House of shame

April 26, 2006

Much of the biggest news out of Congress recently could have come from a police blotter.

The House majority leader is indicted in Texas on political corruption charges. A former top aide to the majority leader pleads guilty to running an unrelated criminal enterprise out of the leader's office, and a second former aide admits to bilking lobbying clients out of $20 million. Another congressman goes to the slammer for directing defense contracts to lobbyists who plied him with $2.4 million in personal gifts. And the ranking Democrat on the House Ethics Committee steps down amid accusations that he channeled federal money to contributors and business partners.

Meanwhile, what has the feckless House Ethics Committee done? Nothing.
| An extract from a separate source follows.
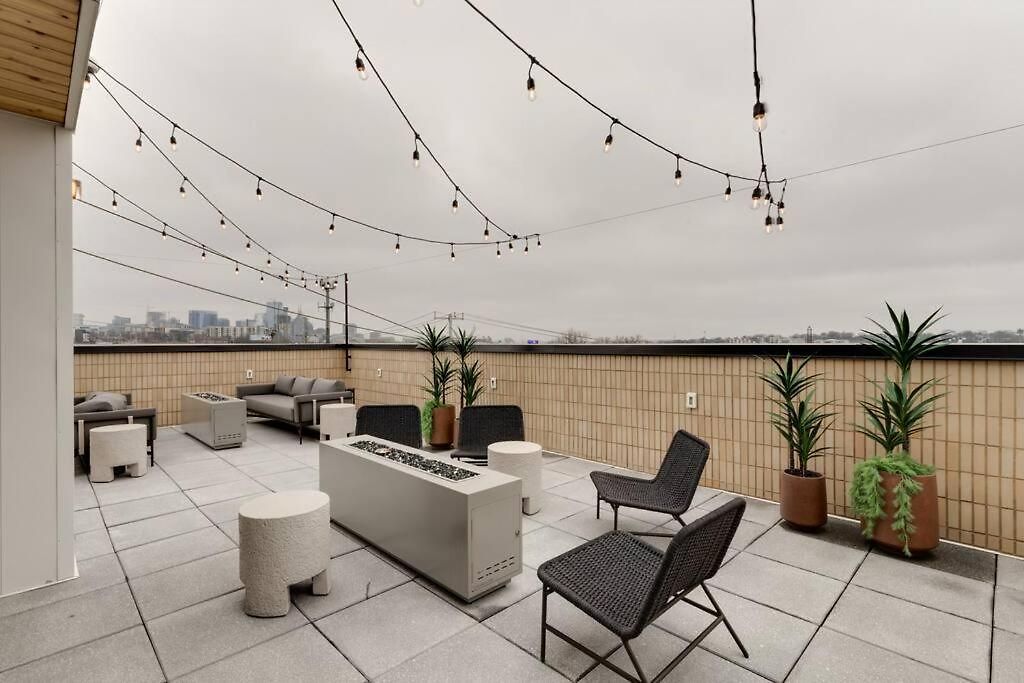 Top Floor Neo Suite, Walk To Broadway & Views Apartment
The House should either give it the political backbone of a nonpartisan, independent agency to investigate ethics complaints or quit the charade.

So-called reform legislation scheduled for debate in the House tomorrow is pathetically weak even at what it promises to do, which is to tighten House ethics rules. It ignores the real problem: enforcement.

For a decade now, the two parties have colluded in a reprehensible pact to ignore each other's transgressions - and refused to consider complaints from outside the House.

If it weren't for aggressive journalism that led to criminal prosecutions, some of these offenders still might be abusing their positions. There may well be others.

Lawmakers eager to disassociate themselves from the scandals should vote tomorrow to create an Office of Public Integrity to help the Ethics Committee weed out frivolous charges and ensure serious complaints aren't swept under the rug.

All House members are to blame for the sordid atmosphere where anything goes and nobody knows. They should be ashamed of themselves.